Le conté que estaba leyendo a Pascal Quignard
con ánimo de encontrar un hilo conductor en su obra enorme. Le hablé de Butes
(el argonauta que salta cuando escucha a las sirenas), de Rachord (el rey de
los frisones que antes de convertirse al cristianismo pregunta a dónde fueron a
parar todos sus antepasados muertos) y de Julio César (el que quizás no necesite
presentación) paralizado frente al Rubicón y, según Suetonio, consciente en su
inmovilidad de que todo habría de cambiar al atravesar ese río. Bernabé Tolosa,
a quién considero mi amigo y a la vez mi mayor rival en la búsqueda permanente
de libros usados y lecturas nuevas, me recordó una escena del Evangelio según
Jesucristo: José Saramago toma el pasaje bíblico de Jesús en la barca y lo pone
frente a Dios en un diálogo lleno de retórica y mentiras. El Diablo llega
nadando –me contó Bernabé Tolosa– y no me acuerdo si se sube a la barca o no,
creo que se queda con los brazos apoyados mientras Jesús le exige a Dios saber
qué pasará después de su muerte. El énfasis de su explicación me hizo maldecir
las horas por delante hasta llegar a casa para poder buscar el capítulo del libro.

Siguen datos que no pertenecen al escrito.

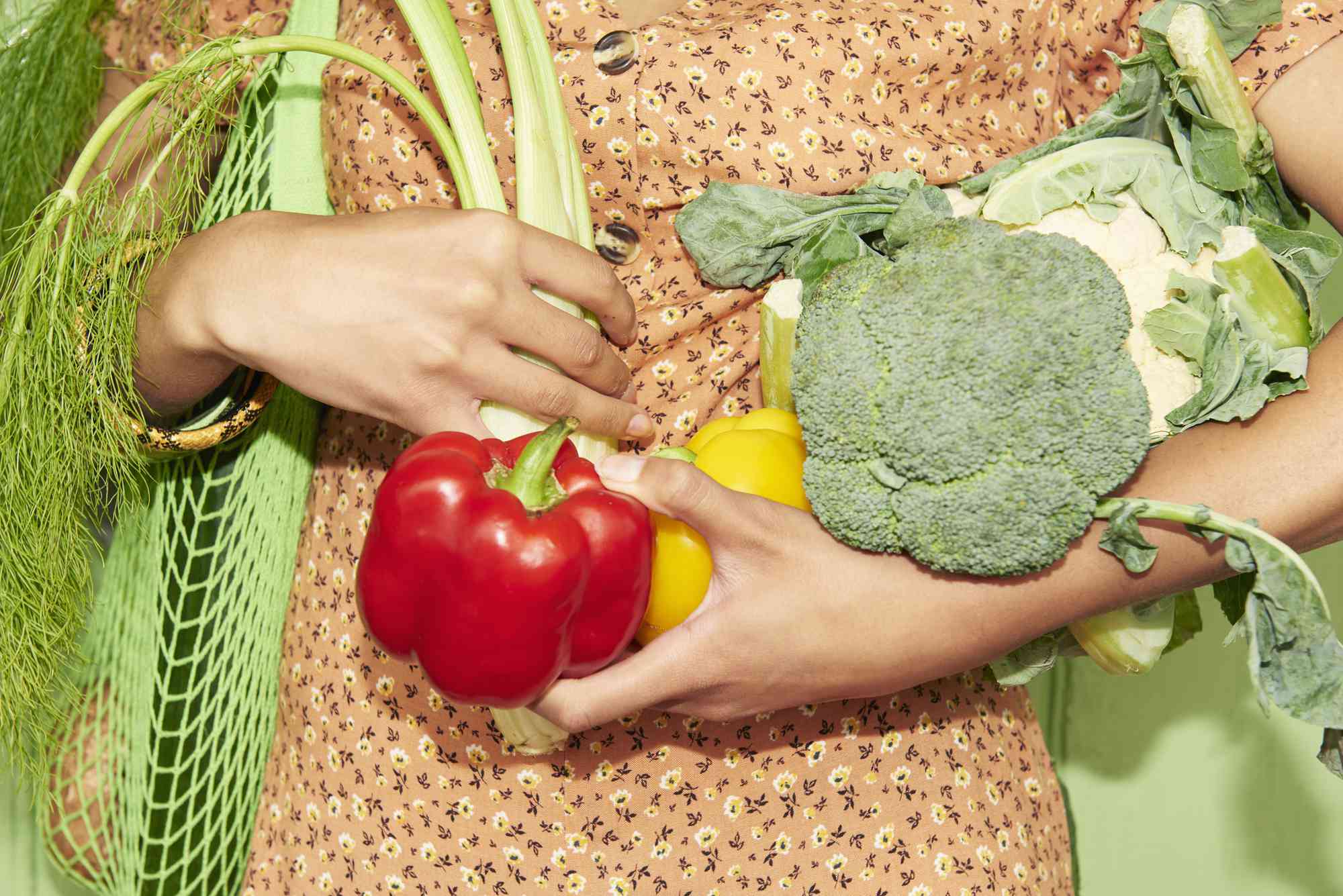 Närbild av någon som håller en armfull färska grönsaker.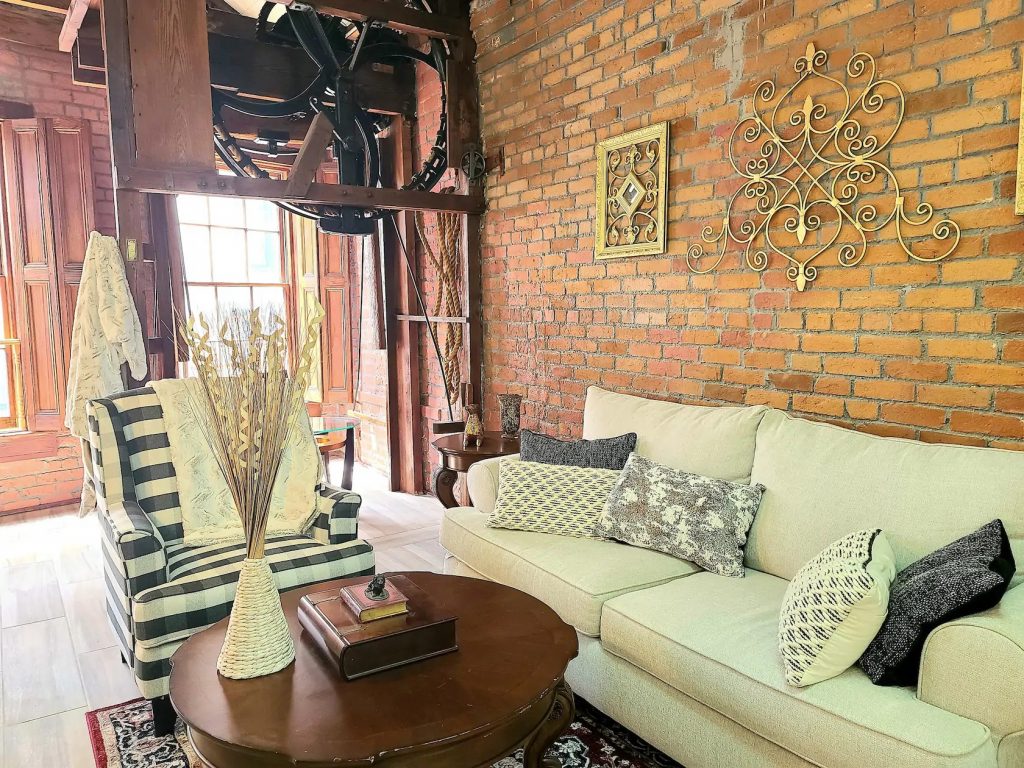 Photo of downtown penthouse Airbnb in New Orleans with 200 year old brick walls.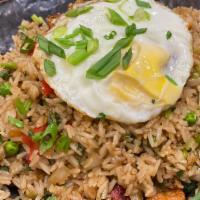 Fried Rice · with shrimp, chicken and pork, sweet plantain topped with a fried egg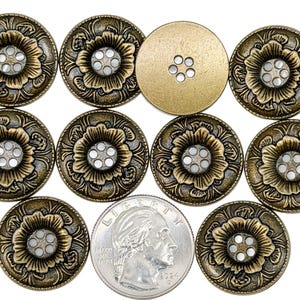 May include: A collection of antique brass-colored buttons with a floral design. Each button features a raised flower with a central cluster of small holes. A U.S. quarter is included for size comparison. The buttons have an aged, vintage appearance.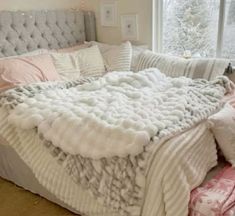 a bed with white blankets and pink pillows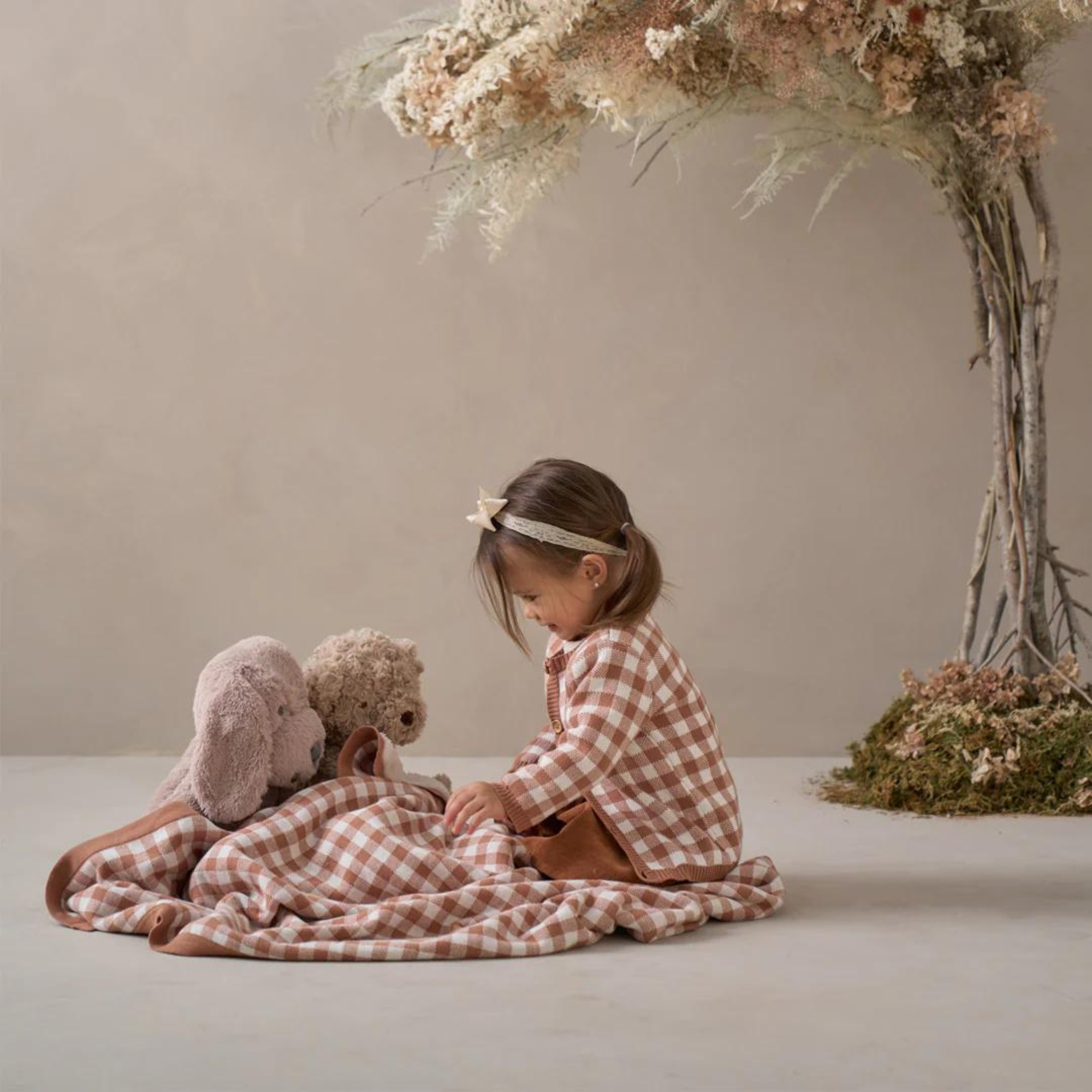 Young girl in a checkered shirt sits on a blanket with plush toys, surrounded by a serene, natural backdrop.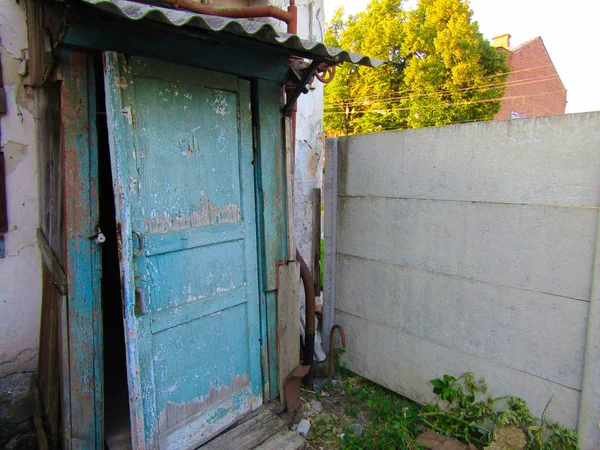 old broken wooden door in the yard. photo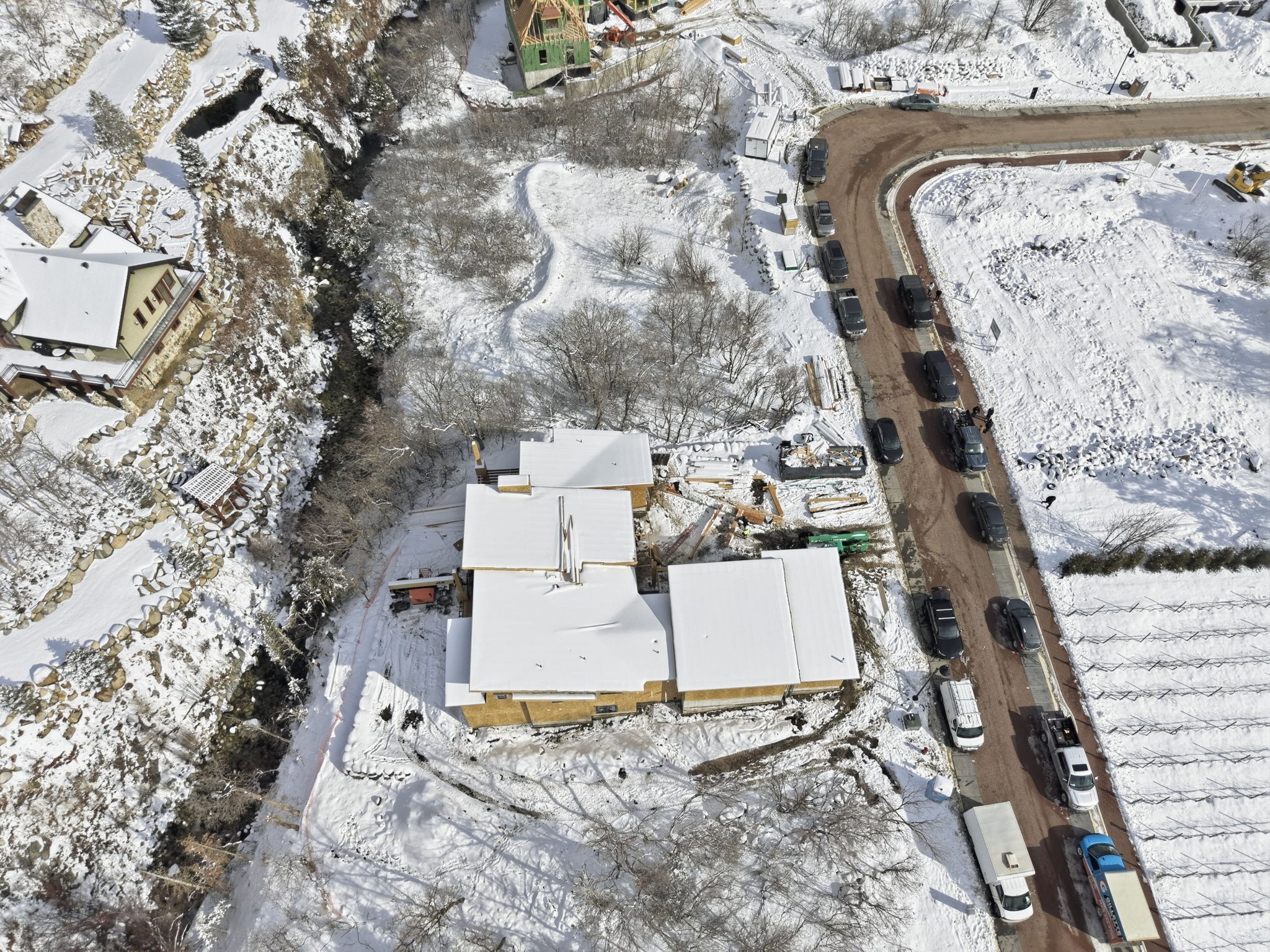 New construction site featuring wood framing and a snow-covered roof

En la espera del día, creí encontrar en esa exigencia del Jesús de Saramago un
reclamo similar al del rey Rachord que describe Quignard. El rey quiere saber
si sus antepasados, los que no conocieron esta religión nueva que viene a ser
el cristianismo, están en el infierno. La respuesta es sí. Jesús quiere saber
qué pasará después de su muerte. La respuesta es que vendrán más muertes, y
todas sin sentido. A la noche, por fin, leí el capítulo. Y esto es lo que
quiero contar: lo encontré tedioso, aburrido, muy distinto a la idea desde la
oralidad, desde la pasión con que me fue narrado por la mañana. Pienso que
muchas veces en la idea está la gracia de una historia, la maravilla, y no en
la ejecución. Muchas veces lo que pensamos no se adapta a la escritura, o
aquello que recordamos es mejor que lo que vamos a leer, sobre todo si se trata
de relecturas de otros tiempos. Cuando los libros eran otros, cuando nosotros
éramos otros lectores. No mejores, pero sí no tan inocentes. Pienso que las
primeras lecturas se parecen a la infancia: hay un contacto tan simple con las
historias que todo lo que tocamos se vuelve oro. Para los primeros libros
seremos el rey Midas extasiado por convertirlo todo en oro, para los últimos
estaremos hartos, muertos de hambre, encandilados de tanto oro, esperando un
libro que sea honesto, real. Le avisé a Bernabé Tolosa que no cometa el error
de releer el capítulo, que se quede con la imagen que su mente evocó, con la
idea que modificó y convirtió en el recuerdo de algo que no fue. No sé si me
hizo caso. No sé si lo hará. Me comentó que la historia le podía servir para actualizar su página El Escribiente y quizás sea mejor que lo hago, quizás no haya que resistirse a la tentación de volver a leer algo que consideramos hermoso. El desengaño es un ejercicio solitario, como la lectura. Lo que se
comparte, la idea, no siempre se puede hallar en el texto que nos recomienda.
Lo que está, incluso en los libros que leímos, es algo que cambia, como el río,
como Rachord, al entender que el pasado es lo único que no nos pertenece.